::: Recorded information
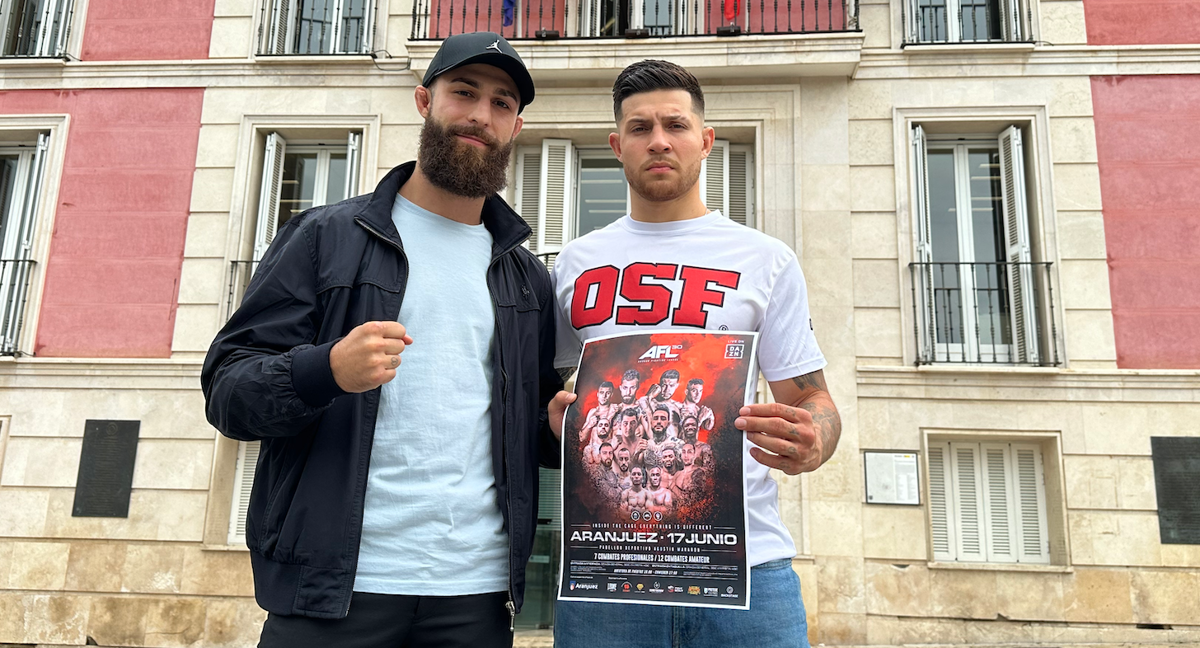 David Mora y Miguel Ángel Lozano posan con el cartel de AFL 30 delante el Ayuntamiento de Aranjuez./AFL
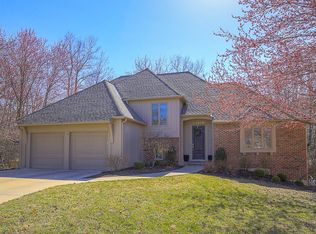 13016 Linden St, Leawood, KS 66209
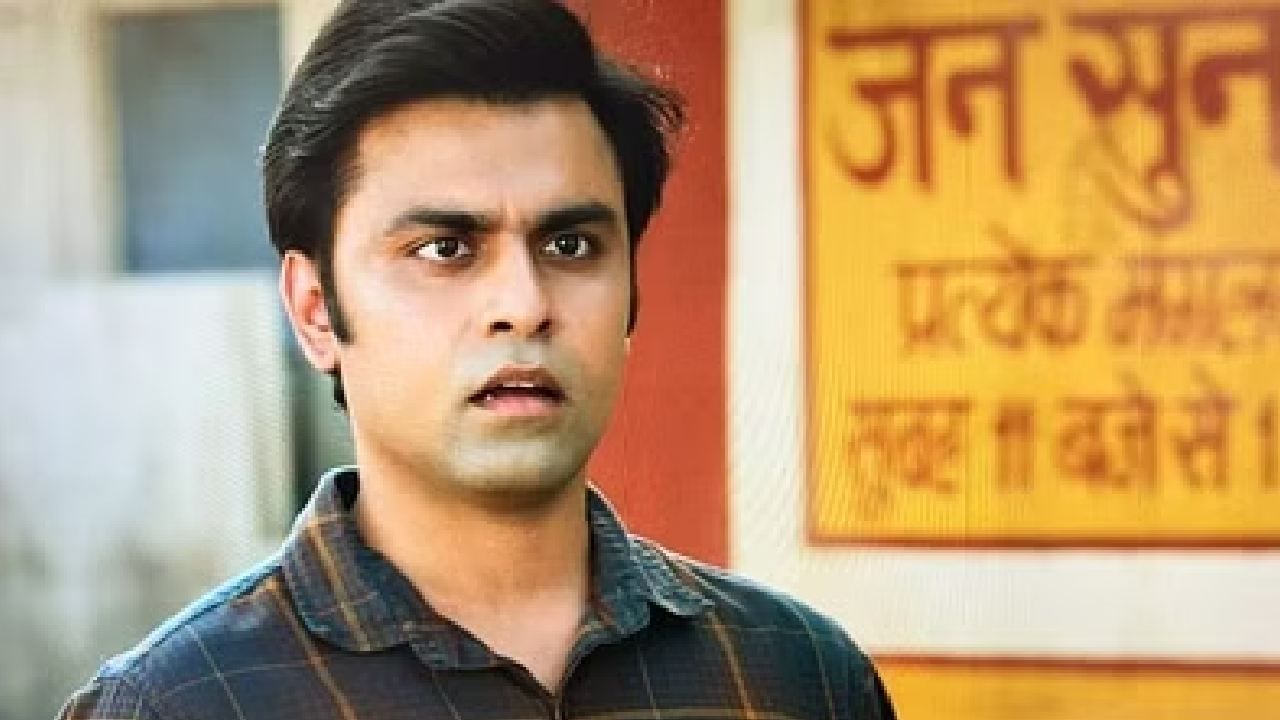 या सीरिजच्या तिसऱ्या सिझनसाठी सर्वाधिक मानधन जितेंद्र कुमारला मिळालं आहे. यामध्ये त्याने सचिवजी अर्थात अभिषेक त्रिपाठीची भूमिका साकारली आहे. या सीरिजच्या एका एपिसोडसाठी त्याला 70 हजार रुपये मानधन मिळालं आहे.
::::::
What the task requires => Print the listing exactly, images excluded.

Solution to this problem =>
 David Mora y Miguel Ángel Lozano posan con el cartel de AFL 30 delante el Ayuntamiento de Aranjuez./AFL
 13016 Linden St, Leawood, KS 66209
 या सीरिजच्या तिसऱ्या सिझनसाठी सर्वाधिक मानधन जितेंद्र कुमारला मिळालं आहे. यामध्ये त्याने सचिवजी अर्थात अभिषेक त्रिपाठीची भूमिका साकारली आहे. या सीरिजच्या एका एपिसोडसाठी त्याला 70 हजार रुपये मानधन मिळालं आहे.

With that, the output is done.